I set my output to only write 8 words per line.
The user will enter a word and you need to print the 10 most frequent n-grams that start with this word. Think about how you can make this query fast through appropriate pre-computation and data structure design.
Try modifying your model to work on individual characters rather than words.
Be sure to follow good coding practices throughout. Think carefully about your implementation before you begin to code. In particular, think about how to solve both parts of the assignment and decide on a data structure(s) that will support the two operations. This will save you time.
My main file is located in ~neff/cs60/p4. You are free to modify this as you like, but it will take care of a number of low level issues for you (e.g. reading the file and tokenizing it).
You may use the Standard Template Library (STL) for this assignment. I used the following data structures: std::list, std::vector, std::map and a tree I wrote myself.
Project Gutenberg is a great source for the large text files that you will need for this assignment. They have text versions of a large number of books.
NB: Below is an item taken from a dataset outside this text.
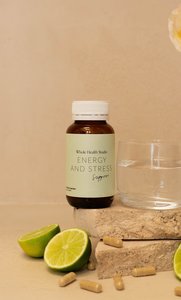 Products: Whole Health Studio Energy and Stress - Nurture Co Leader in Wellness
When developing your code, work with a small input file that you can easily predict the correct behavior for. This will make it easier to debug and it will also run faster, shortening your cycle time. Then move to a large file and test it on that.
You will be evaluated on the following criteria:
- Correct output
- Efficient design
- Clean code
I’ll create a forum where you can post amusing, interesting or profound output that you generate. Please indicate the text used to generate your output and the parameters (e.g. the value of n).
>speak 3 32 LeavesOfGrass.txt
Options:
1. To make the oracle speak, enter: s
2. To see likely n-grams starting with a word, enter: t <word>
3. To quit, enter: q
You must press enter after each command.
s
mastless hulk and 'mid its teeming madden'd half-drown'd crowds
nor helm nor helmsman dim smitten star orb
not of the old graveyards of the marsh
at night alone i sing for him
Number of branches not taken: 1624
s
air; receive the summer air the water the slender
tapering trees the liliput countless armies of those
who sought a new song a poem of
earth of the houses! appearances now or
Number of branches not taken: 874
t song
n-gram: " song of the " frequency: 0.161616
n-gram: " song of myself " frequency: 0.030303
n-gram: " song for you " frequency: 0.020202
n-gram: " song for the " frequency: 0.020202
n-gram: " song of my " frequency: 0.020202
n-gram: " song as i " frequency: 0.020202
n-gram: " song song of " frequency: 0.020202
n-gram: " song for occupations! " frequency: 0.010101
n-gram: " song for all " frequency: 0.010101
n-gram: " song for thee " frequency: 0.010101
t grass
n-gram: " grass of the " frequency: 0.0425532
n-gram: " grass in the " frequency: 0.0425532
n-gram: " grass my tongue " frequency: 0.0212766
n-gram: " grass loose the " frequency: 0.0212766
n-gram: " grass is itself " frequency: 0.0212766
n-gram: " grass is very " frequency: 0.0212766
n-gram: " grass is no " frequency: 0.0212766
n-gram: " grass it may " frequency: 0.0212766
n-gram: " grass of graves--o " frequency: 0.0212766
n-gram: " grass of spring " frequency: 0.0212766
This assignment was inspired by an art piece by David Rokeby, an assignment by Joe Zachary (who was in turn inspired by ideas put forward by Claude Shannon) and the use of n-grams in computational linguistics.